For all citation-based measures, a certain amount of time must be allowed for the published work to have an impact on subsequent research because of the delay between the appearance of a publication and its being read, understood, and taken up in subsequent research. Normally, a window of at least 2 years is allowed, although allowing a window of 3 years generally facilitates measurements that more robustly reflect long-term trends; the 3-year window has been applied here. Accordingly, impact assessments for this InfoBrief cover publications appearing in 2013 or earlier. However, because of the need for timeliness, citation data for the most recent year (i.e., 2013) are based on individual citation windows ranging from 24 to 36 months, depending on the month in which each publication was released.

Notes

[1] Karen E. White (kewhite@nsf.gov; 703-292-4344), Carol Robbins (crobbins@nsf.gov; 703-292-7801), and Beethika Khan (bkhan@nsf.gov; 703-292-4669) are with the Science and Engineering Indicators Program, National Center for Science and Engineering Statistics, National Science Foundation, 2415 Eisenhower Avenue, Suite W14200, Alexandria, VA 22314. Christina Freyman is with SRI International, Arlington, VA.

[2] More information on the selection of documents can be found at http://www.elsevier.com/online-tools/scopus/content-overview and https://www.elsevier.com/solutions/scopus/content/content-policy-and-selection.
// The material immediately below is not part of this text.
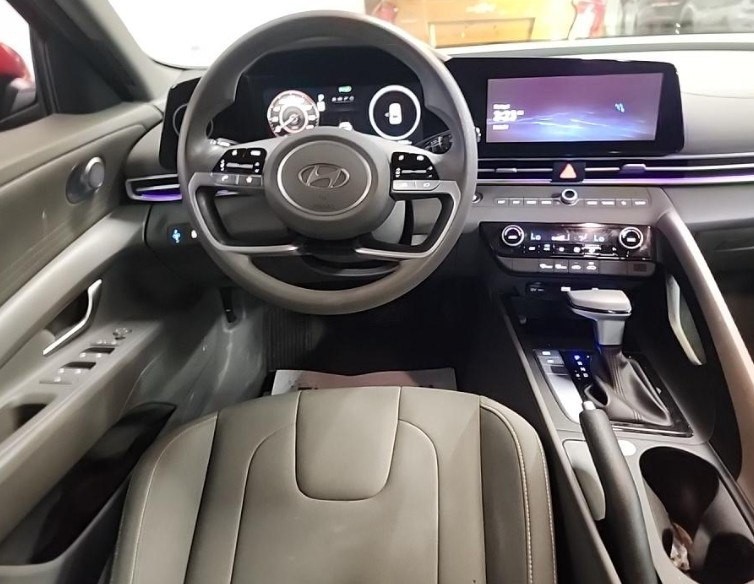 2024 Hyundai Elantra Image 6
[3] For discussions of journal requirements for robust and novel submissions see http://www.nature.com/authors/policies/peer_review.html. Articles on low-quality publications include https://www.nytimes.com/2016/12/29/upshot/fake-academe-looking-much-like-the-real-thing.html?_r=0, http://www.nytimes.com/2013/04/08/health/for-scientists-an-exploding-world-of-pseudo-academia.html, http://science.sciencemag.org/content/342/6154/60.full, and http://www.nature.com/news/predatory-publishers-are-corrupting-open-access-1.11385.

[4] The DOAJ list of excluded journals is available at https://docs.google.com/spreadsheets/d/183mRBRqs2jOyP0qZWXN8dUd02D4vL0Mov_kgYF8HORM/edit.

[5] Note that DOAJ also flags serials that are no longer available in open access (OA); although an important and evolving phenomenon in the research landscape, OA status is not associated here with any specific demarcation of quality—low or high—and thus the titles flagged by DOAJ for OA-related reasons alone will not be filtered out of the database for this InfoBrief.

[6] Elsevier's principles of quality can be found at https://www.elsevier.com/solutions/scopus/content/content-policy-and-selection and https://doaj.org/bestpractice. In 2014, during its periodic re-evaluation of items flagged for follow-up, Elsevier's Content Selection and Advisory Board elected to remove 42 titles as of 2014. In the InfoBrief database these 42 titles are retroactively removed to create a valid time series for bibliometric analysis, even though Elsevier does not claim that these titles were necessarily of low quality before 2014.